Sasidharan Rajkumar, Chothia Cyrus
Medical Research Council Laboratory of Molecular Biology, Hills Road, Cambridge, United Kingdom.
Proc Natl Acad Sci U S A. 2007 Jun 12;104(24):10080-5. doi: 10.1073/pnas.0703737104. Epub 2007 May 31.
We have determined the general constraints that govern sequence divergence in proteins that retain entirely, or very largely, the same structure and function. To do this we collected data from three different groups of orthologous sequences: those found in humans and mice, in humans and chickens, and in Escherichia coli and Salmonella enterica. In total, these organisms have 21,738 suitable pairs of orthologs, and these contain nearly 2 million mutations. The three groups differ greatly in the taxa from which they come and/or in the time that separates them from their last common ancestor. Nevertheless, the results we obtain from the three different groups are strikingly similar. For each group, the orthologous sequence pairs were assigned to six different divergence categories on the basis of their sequence identities. For categories with the same divergence, common accepted mutations have similar frequencies and rank orders in the three groups. With divergence, the width of the range of common mutations grows in the same manner in each group. We examined the distribution of mutations in protein structures. With increasing divergence, mutations increase at different rates in the buried, intermediate, and exposed regions of protein structures in a manner that explains the exponential relationship between the divergence of structure and sequence. This work implies that commonly allowed mutations are selected by a set of general constraints that are well defined and whose nature varies with divergence.

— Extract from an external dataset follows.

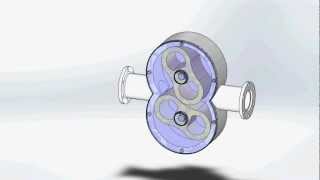 Bomba de lóbulos en SolidWorks [upl. by Jeroma]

我们已经确定了控制蛋白质序列差异的一般限制条件,这些蛋白质完全或在很大程度上保留相同的结构和功能。为此,我们从三组不同的直系同源序列中收集数据:人类和小鼠中的序列、人类和鸡中的序列,以及大肠杆菌和肠炎沙门氏菌中的序列。这些生物体总共拥有21,738对合适的直系同源物,其中包含近200万个突变。这三组在它们所来自的分类群和/或与它们的最后一个共同祖先分开的时间上有很大差异。然而,我们从这三组不同数据中获得的结果惊人地相似。对于每组,直系同源序列对根据它们的序列同一性被分配到六个不同的差异类别中。对于具有相同差异的类别,在这三组中,常见的可接受突变具有相似的频率和排名顺序。随着差异增加,每组中常见突变范围的宽度以相同的方式增长。我们研究了蛋白质结构中突变的分布。随着差异增加,蛋白质结构的埋藏区域、中间区域和暴露区域中的突变以不同的速率增加,这种方式解释了结构差异与序列差异之间的指数关系。这项工作意味着,常见的允许突变是由一组定义明确且性质随差异而变化的一般限制条件选择的。